[Opening Extracted material section]

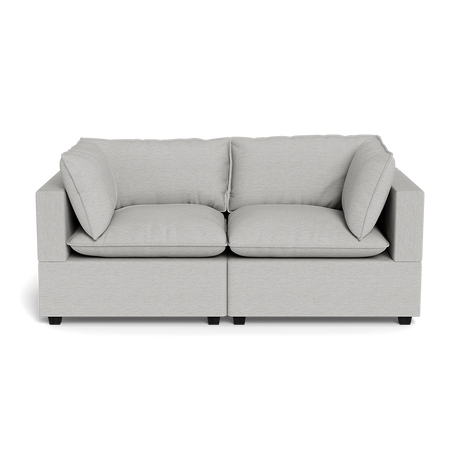 The Kova Pillow Cushion Sofa 86" is a modern light gray two-seater with square armrests, two seat cushions, and two back cushions, displayed against a black background.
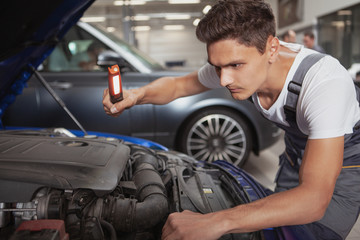 Fototapeta na wymiar Young male car service worker looking under the hood of an automobile at the garage. Handsome auto mechanic examining engine of an auto at his workshop
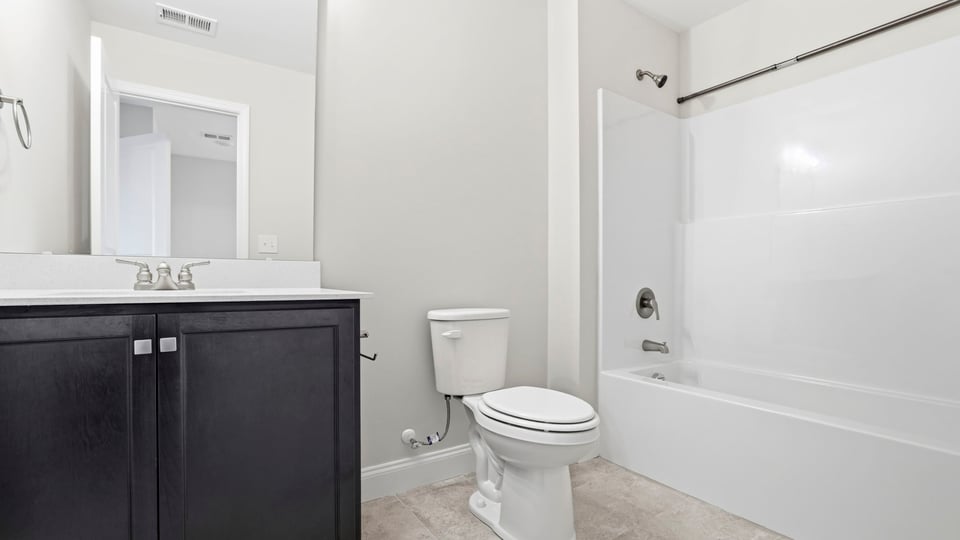 Bathroom with sink and bathtub..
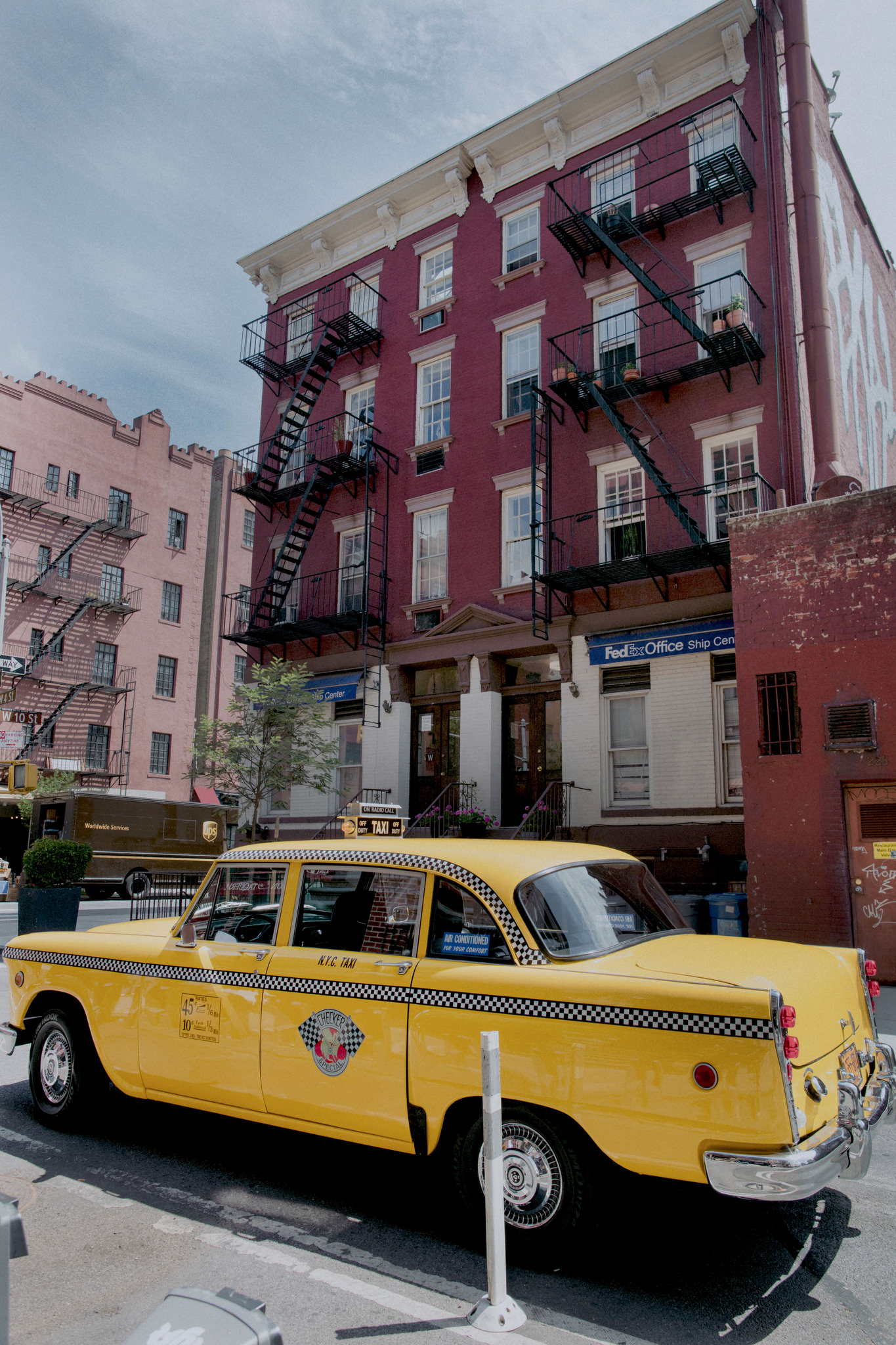 Old yellow taxi in streets of Manhattan used for wedding photos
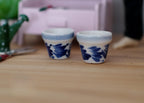 1:12 scale miniature ceramic round flower pots in blue and white floral, large, set of 2, on a wood table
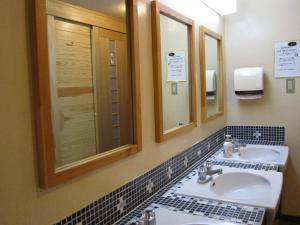 a bathroom with two sinks and two mirrors at Nozawa Onsen Utopia in Nozawa Onsen +59 photos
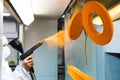 Powder coating of metal parts. A woman in a protective suit sprays powder paint from a gun on metal products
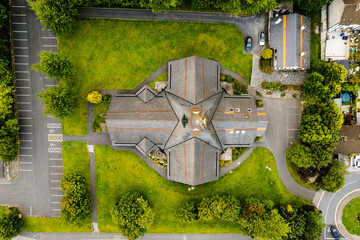 Aerial top down view on a church in a cross shape with green lawn and car park. City architecture.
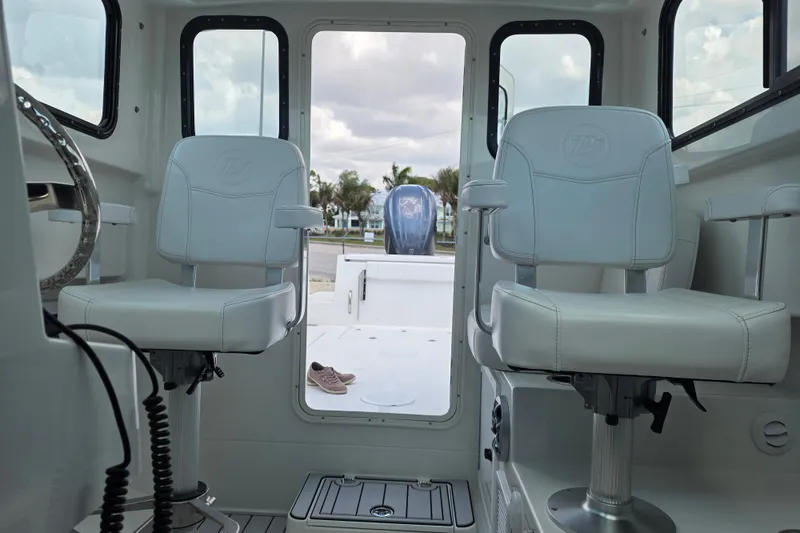Slide: The Image of Interior of 2026 Parker 247 Explorer boat with two white captain chairs. - 20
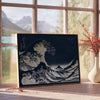 Black and white depiction of Hokusai's wave with green accents - beside a round wooden side table with books
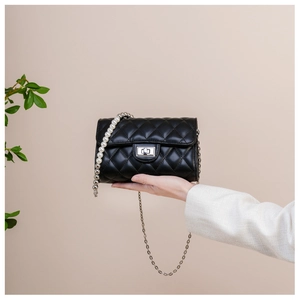 Détail du mini sac à rabat matelassé noir avec chaîne en perles et fermoir rotatif argenté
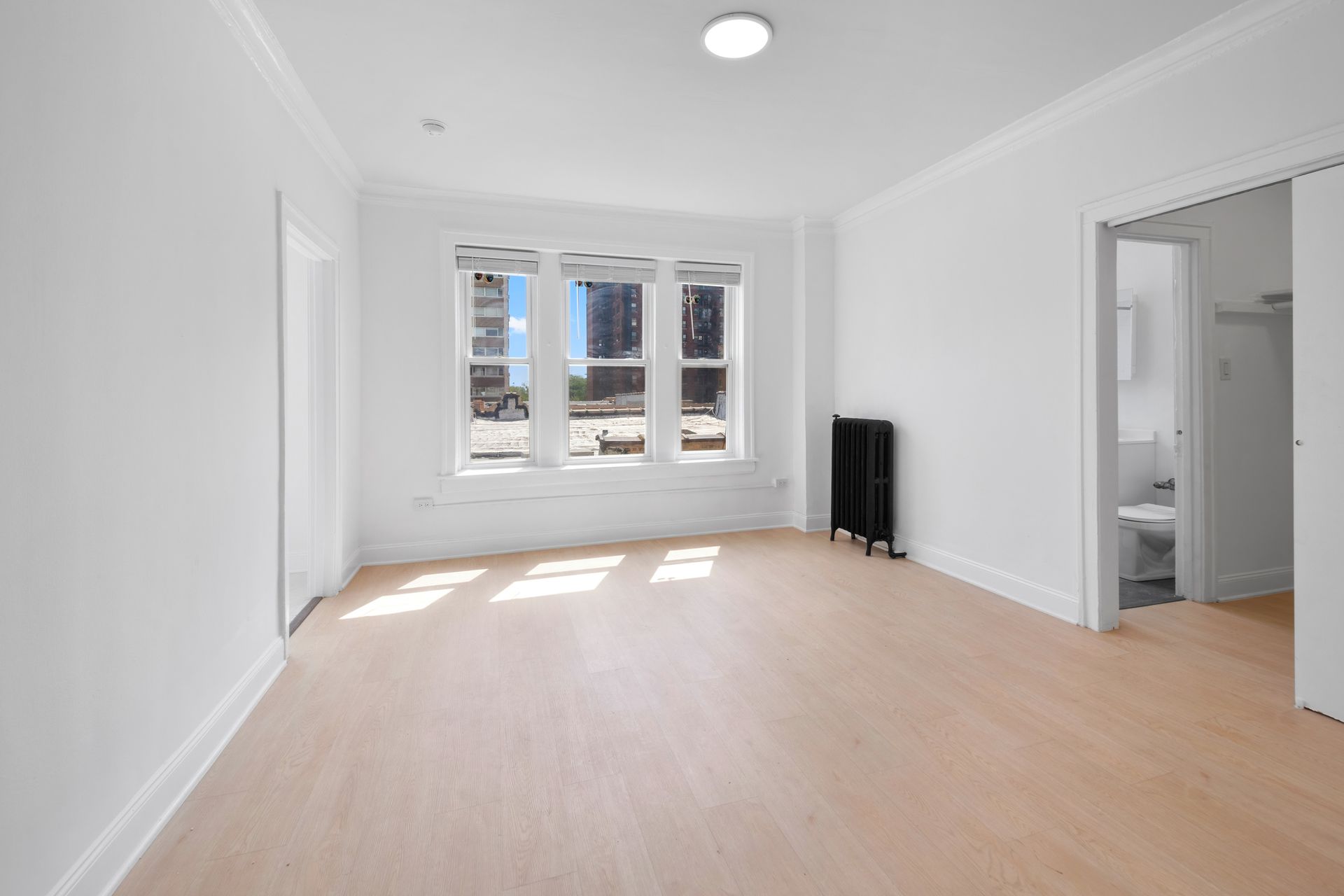 Empty room with hardwood floors, white walls, and a window overlooking a cityscape.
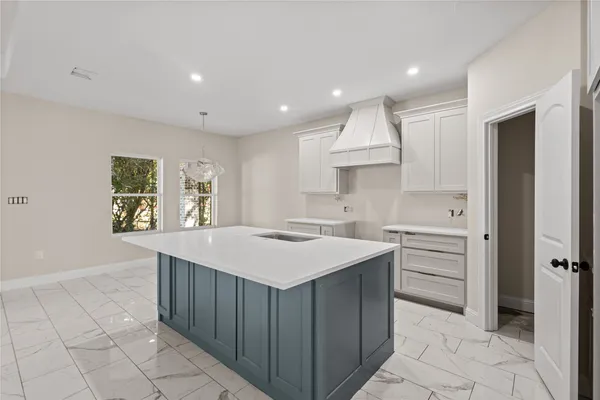 a kitchen with a sink and cabinets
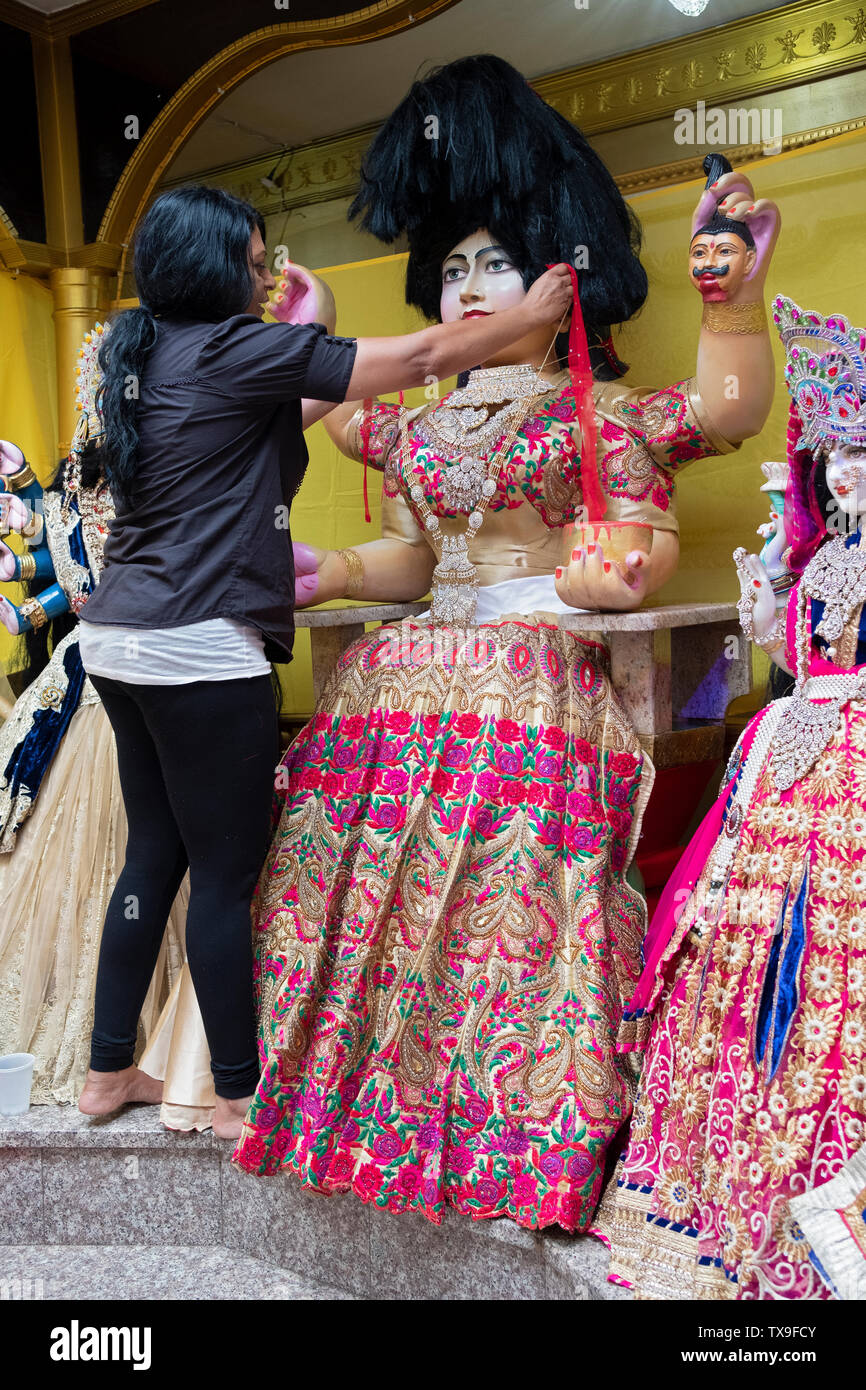 Als Teil einer Danksagung Ritual, eine fromme Frau entworfen und installiert neue Kleidung auf dem Tempel Statuen von Gottheiten. In Ozone Park, Queens, NYC Stockfoto
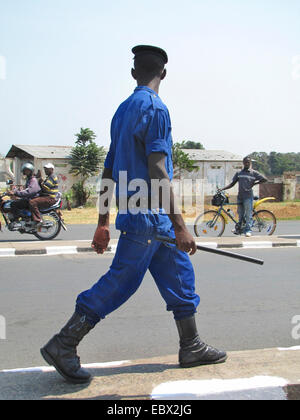 Funzionario di polizia con baton pattugliamento su una larga strada della capitale, Burundi Bujumbura marie, Rohero 1, Bujumbura Foto Stock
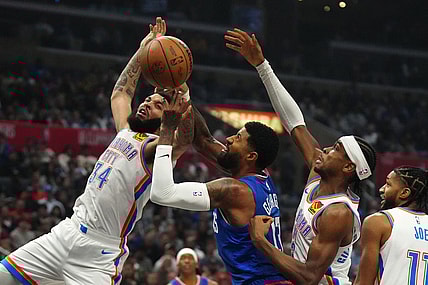 Jan 16, 2024; Los Angeles, California, USA; Oklahoma City Thunder forward Kenrich Williams (34) and guard Shai Gilgeous-Alexander (2) battle for the ball with LA Clippers forward Paul George (13) in the first half at Crypto.com Arena. Mandatory Credit: Kirby Lee-USA TODAY Sports
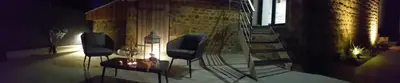 Coin salon dans l'établissement Le Ptit Spa de L'Abbaye Suite love et Spa privé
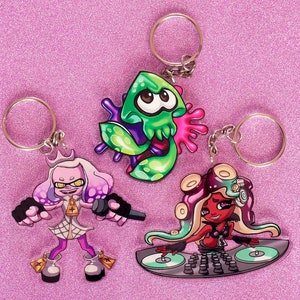 May include: Three colorful keychains featuring characters from the video game Splatoon. The first keychain is a green and purple squid-like creature with a key ring. The second keychain is a pink and white squid-like creature with a key ring. The third keychain is a red and black squid-like creature with a key ring and a DJ turntable.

[Closing Extracted material section]

• _Problem_
What should come back is an exact copy of the lines above from the line with "a bathroom with" to the line with "Funzionario di polizia", both included, minus the pictures.

• _Answer for this exercise_
 a bathroom with two sinks and two mirrors at Nozawa Onsen Utopia in Nozawa Onsen +59 photos
 Powder coating of metal parts. A woman in a protective suit sprays powder paint from a gun on metal products
 Aerial top down view on a church in a cross shape with green lawn and car park. City architecture.
Slide: The Image of Interior of 2026 Parker 247 Explorer boat with two white captain chairs. - 20
 Black and white depiction of Hokusai's wave with green accents - beside a round wooden side table with books
 Détail du mini sac à rabat matelassé noir avec chaîne en perles et fermoir rotatif argenté
 Empty room with hardwood floors, white walls, and a window overlooking a cityscape.
 a kitchen with a sink and cabinets
 Als Teil einer Danksagung Ritual, eine fromme Frau entworfen und installiert neue Kleidung auf dem Tempel Statuen von Gottheiten. In Ozone Park, Queens, NYC Stockfoto
 Funzionario di polizia con baton pattugliamento su una larga strada della capitale, Burundi Bujumbura marie, Rohero 1, Bujumbura Foto Stock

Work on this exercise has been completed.